After the night her stalker's face had smeared against Y/N's glass door—hood pulled low, breath fogging the surface, eyes burning with something desperate—her brain replayed the scene on a loop. But in a muffled way, like listening through water. A restraining order had been granted, shockingly fast, but the thin paper meant little against the ghost of a man in a black hoodie that she kept seeing at the edge of her vision.
Black hoodies. Her chest tightened at the thought. That was becoming a sensory anchor, even though she didn't want it to be. The swish of fabric. The shape of a hood. Any time she saw one, even on innocent strangers, her breath hitched.
Now she stayed at Y/N's house, surrounded by love she couldn't fully absorb. Y/N, Rosa, even stoic Juhui had rallied around her like human scaffolding. Their late-night calls and surprise deliveries of face masks and soju bottles were lifelines she clung to, fragile but real.
She worked from the dining table, the glow of her laptop a steady companion. LM's emails pinged relentlessly, but she welcomed them as they demanded nothing from her except to exist. Work was clean and predictable. Emotions weren't.

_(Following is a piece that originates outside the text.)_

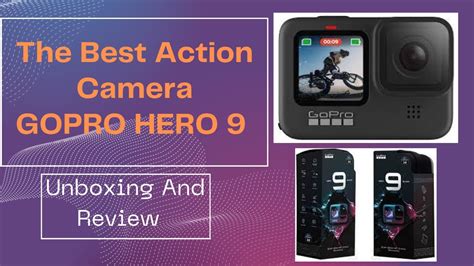 Unboxing Gopro Hero 9 Gopro Hero 9 Action Camera All Details And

Patrol cars circled Y/N's neighborhood like restless guards. Red and blue lights swept through the blinds at night, a silent reminder that safety was something actively maintained, not passively given. And Cheonghwa, an ex-marine, retired pro boxer, unsmiling monolith now lived with them from dawn until late. Her presence was so solid it felt like a wall had grown inside the apartment.
But Y/N wasn't thrilled about the constant movement. Officers knocking at odd hours, Cheonghwa's heavy boots marching down the hallway. The cozy chaos of the apartment had been replaced by militarized order.
Still, Y/N coped the only way Y/N knew how—by cooking for strangers. She left snacks for the officers each shift: kimchi jeon one night, sweet rice cakes the next. A small rebellion against feeling powerless.
On this particular afternoon, sunlight spilled across the living room in warm stripes. Y/N lay draped over the couch, flipping through her phone, while SuAh typed through her last emails, shoulders stiff, breath shallow.